Two rRNA genes encoding for the small ribosomal subunit (12 S) and large ribosomal subunit (16 S) were positioned between trnF and trnV genes, and between trnV and trnL2 genes, respectively. The lengths for the 12 S and 16 S rRNAs were 962 bp and 1572 bp, respectively.
3.6. Overlapping and Intergenic Regions
The Vietnamese Central Highland Sus scrofa mitogenome had nine overlapping sequences among all the genes, with a total length of 76 bp, ranging from 1 bp to 43 bp in length (Table 1). The overlaps were located on both the H strand and L strand, four of which resided within the PCGs, and the remaining were observed between the tRNA and rRNA genes.

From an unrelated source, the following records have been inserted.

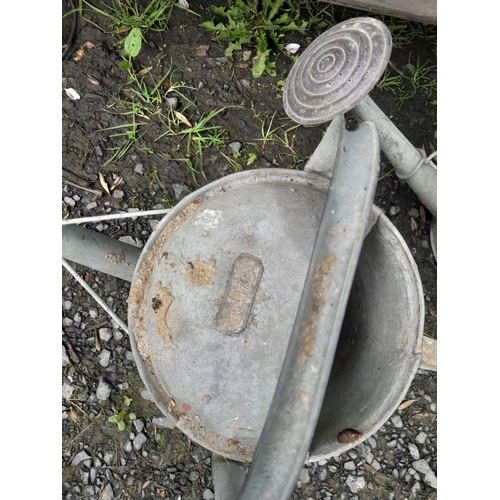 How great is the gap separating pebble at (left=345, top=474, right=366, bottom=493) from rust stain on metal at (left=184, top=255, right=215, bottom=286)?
41.9 inches

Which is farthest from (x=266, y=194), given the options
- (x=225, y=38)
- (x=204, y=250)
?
(x=225, y=38)

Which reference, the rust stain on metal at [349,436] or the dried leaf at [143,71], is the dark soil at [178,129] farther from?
the rust stain on metal at [349,436]

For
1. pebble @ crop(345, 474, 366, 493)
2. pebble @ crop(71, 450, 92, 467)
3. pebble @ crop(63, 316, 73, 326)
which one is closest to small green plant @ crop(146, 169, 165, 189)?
pebble @ crop(63, 316, 73, 326)

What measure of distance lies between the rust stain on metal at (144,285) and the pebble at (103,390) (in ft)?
2.10

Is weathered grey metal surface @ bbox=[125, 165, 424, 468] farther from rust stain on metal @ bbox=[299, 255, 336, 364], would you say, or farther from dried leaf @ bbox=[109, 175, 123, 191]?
dried leaf @ bbox=[109, 175, 123, 191]

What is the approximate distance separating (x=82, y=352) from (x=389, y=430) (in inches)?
44.5

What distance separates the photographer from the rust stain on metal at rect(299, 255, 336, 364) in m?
0.66

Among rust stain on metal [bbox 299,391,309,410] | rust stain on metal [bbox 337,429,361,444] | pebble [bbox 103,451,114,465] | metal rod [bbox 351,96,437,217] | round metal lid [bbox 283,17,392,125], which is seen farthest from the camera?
pebble [bbox 103,451,114,465]

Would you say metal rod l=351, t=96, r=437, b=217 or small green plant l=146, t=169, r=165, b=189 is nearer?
metal rod l=351, t=96, r=437, b=217

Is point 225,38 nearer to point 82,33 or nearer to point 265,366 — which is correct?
point 82,33

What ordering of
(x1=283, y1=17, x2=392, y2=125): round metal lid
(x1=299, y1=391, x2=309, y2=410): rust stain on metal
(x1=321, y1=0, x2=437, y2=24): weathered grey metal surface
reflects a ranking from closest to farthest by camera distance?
1. (x1=299, y1=391, x2=309, y2=410): rust stain on metal
2. (x1=283, y1=17, x2=392, y2=125): round metal lid
3. (x1=321, y1=0, x2=437, y2=24): weathered grey metal surface

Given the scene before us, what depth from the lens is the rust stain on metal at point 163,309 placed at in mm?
1099

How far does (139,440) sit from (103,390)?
0.71 feet

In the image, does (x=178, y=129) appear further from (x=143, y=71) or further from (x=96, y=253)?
(x=96, y=253) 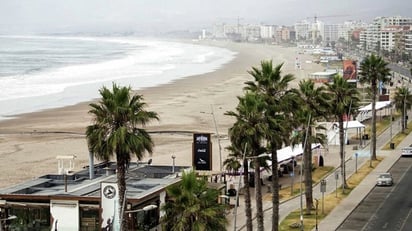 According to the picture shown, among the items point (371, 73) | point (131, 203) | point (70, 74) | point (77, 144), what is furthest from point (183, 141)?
point (70, 74)

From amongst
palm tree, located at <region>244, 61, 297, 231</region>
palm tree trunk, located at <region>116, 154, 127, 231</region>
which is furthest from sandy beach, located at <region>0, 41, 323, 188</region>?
palm tree trunk, located at <region>116, 154, 127, 231</region>

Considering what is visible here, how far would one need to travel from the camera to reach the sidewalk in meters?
43.9

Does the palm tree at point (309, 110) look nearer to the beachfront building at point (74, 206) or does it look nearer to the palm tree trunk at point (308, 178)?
the palm tree trunk at point (308, 178)

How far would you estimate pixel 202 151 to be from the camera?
47500 mm

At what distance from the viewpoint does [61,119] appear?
295 ft

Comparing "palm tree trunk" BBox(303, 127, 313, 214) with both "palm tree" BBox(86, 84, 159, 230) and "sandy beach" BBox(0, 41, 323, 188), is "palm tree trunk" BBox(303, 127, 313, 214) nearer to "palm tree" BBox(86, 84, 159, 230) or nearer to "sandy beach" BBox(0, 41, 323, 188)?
"sandy beach" BBox(0, 41, 323, 188)

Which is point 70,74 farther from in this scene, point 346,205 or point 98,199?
point 98,199

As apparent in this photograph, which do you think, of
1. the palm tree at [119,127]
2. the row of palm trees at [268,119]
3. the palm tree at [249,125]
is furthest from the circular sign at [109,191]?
the palm tree at [249,125]

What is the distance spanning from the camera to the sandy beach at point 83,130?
63500 millimetres

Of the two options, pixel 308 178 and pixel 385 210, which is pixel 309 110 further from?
pixel 385 210

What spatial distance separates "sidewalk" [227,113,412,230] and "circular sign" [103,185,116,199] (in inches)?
344

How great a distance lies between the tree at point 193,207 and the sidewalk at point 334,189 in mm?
11573

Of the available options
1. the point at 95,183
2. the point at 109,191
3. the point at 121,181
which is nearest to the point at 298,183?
the point at 95,183

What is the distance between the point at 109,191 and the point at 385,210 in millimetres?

Notably, the overlap between the trnV and rrnL (2 bp) was uniquely identified in the Vietnamese Central Highland Sus scrofa. The 1 bp overlap between trnV and rrnS (1 bp) was also found in I pig [18], whereas the other overlapping regions are commonly present in other Sus scrofa mitogenomes, with the longest observed between atp8 and atp6 (43 bp).
There are 10 intergenic spaces among all genes, ranging from 1 bp to 32 bp and making up a total of 58 bp (Table 1). The longest space (32 bp) was located between trnN and trnC, as typically observed in other wild boars and pig breeds.
3.7. Mutations
A comparative analysis of 13-PCG concatenated sequences of Vietnamese Central Highland wild boar and 19 other Sus scrofa revealed 232 polymorphic sites, resulting in 51 amino acid substitutions (Supplementary Tables S5 and S6). The Vietnamese Central Highland Sus scrofa and Asian Sus scrofa shared an almost similar amino acid profile, while some variations were only present in European Sus scrofa. No amino acid alteration was unique to the Vietnamese Central Highland Sus scrofa, although three mutations at 1461, 4577, and 8367 positions were found only in the Vietnamese Central Highland wild boar, Dong Khe pig breed, and Ha Lang pig breed, which are of Vietnamese origin. The Vietnamese Central Highland wild boar differed from the Vietnamese wild boar in 13 nucleotides, resulting in 2 amino acid changes.
Further evaluation in partial cytochrome b sequences of 8 Vietnamese wild boars (7 of which were collected from the Central Highlands) revealed 15 variable positions, representing 3.11% of the total length of the DNA sequences analyzed (Supplementary Table S7).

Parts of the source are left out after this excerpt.